L’Hôtel de Ville est envahi, et l’un des Électeurs, Legrand, ne le débarrasse des hordes qui y font un vacarme infernal qu’en ordonnant d’y porter six barils de poudre et en menaçant de faire sauter le monument si on ne se retire.
Pendant la nuit du 13 au 14 juillet, les boutiques, des boulangers et les échoppes des marchands de vins sont mises au pillage.
L’excellent abbé Morellet, l’un des encyclopédistes, et que nous avons vu embastillé sous Louis XV, écrit :

Je passai à mes fenêtres, dans la rue Saint-Honoré, une grande partie de la nuit du 13 au 14 à voir des hommes de la plus vile populace, armés de fusils, de broches, de piques, se faisant ouvrir les portes des maisons, se faisant donner à boire, à manger, de l’argent, des armes.

Mathieu Dumas peint également, dans ses Souvenirs, ces vagabonds déguenillés, plusieurs presque nus, d’une physionomie effrayante.
Pendant ces deux jours et ces deux nuits, écrit Bailly, Paris courut le risque d’être pillé et ne fut sauvé des bandits que par la garde nationale.
L’allure de ces bandits et l’œuvre de la garde nationale sont décrites dans une curieuse lettre d’un Anglais, le docteur Rigby, à sa femme.

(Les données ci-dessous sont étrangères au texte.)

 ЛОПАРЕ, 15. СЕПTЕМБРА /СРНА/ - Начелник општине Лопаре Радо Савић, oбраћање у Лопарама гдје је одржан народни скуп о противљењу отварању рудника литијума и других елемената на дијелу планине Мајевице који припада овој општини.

Il était nécessaire non seulement de donner des armes à ceux en lesquels on pouvait avoir confiance, mais de désarmer ceux dont on ne pouvait attendre que peu de protection et qui pouvaient devenir une cause de désordre et de malheur. Pour cela il fallait beaucoup d’adresse.
De bonne heure, dans l’après-dînée, nous commençâmes d’apercevoir parmi les gros rassemblements de peuple, où l’on voyait des signes d’irritation qui bientôt eussent dégénéré en excès, çà et là, un homme de bonne mine, portant fusil, avec un air martial. Le nombre de ces derniers alla augmentant peu à peu ; leur intention était évidemment d’apaiser et de désarmer à la fois les bandes irrégulières.
Ils eurent accompli leur tâche, pour la plus grande partie, avant le soir. Alors les citoyens régulièrement armés occupèrent presque exclusivement les rues ; ils étaient divisés en plusieurs sections, les uns montant la garde sur certains points, les autres faisant des patrouilles, tous sous la conduite de chefs.
Quand vînt la nuit, on n’aperçut plus que bien peu de ceux qui s’étaient armés la veille au soir. D’aucuns, cependant, avaient refusé de rendre leurs armes, et, durant la nuit, on vit combien les craintes qu’ils avaient inspirées étaient fondées, car ils se mirent à piller. Mais il était trop tard pour le faire impunément. On les découvrit, on les saisit, et nous apprîmes le lendemain matin que plusieurs de ces misérables, pris sur le fait, avaient été exécutés.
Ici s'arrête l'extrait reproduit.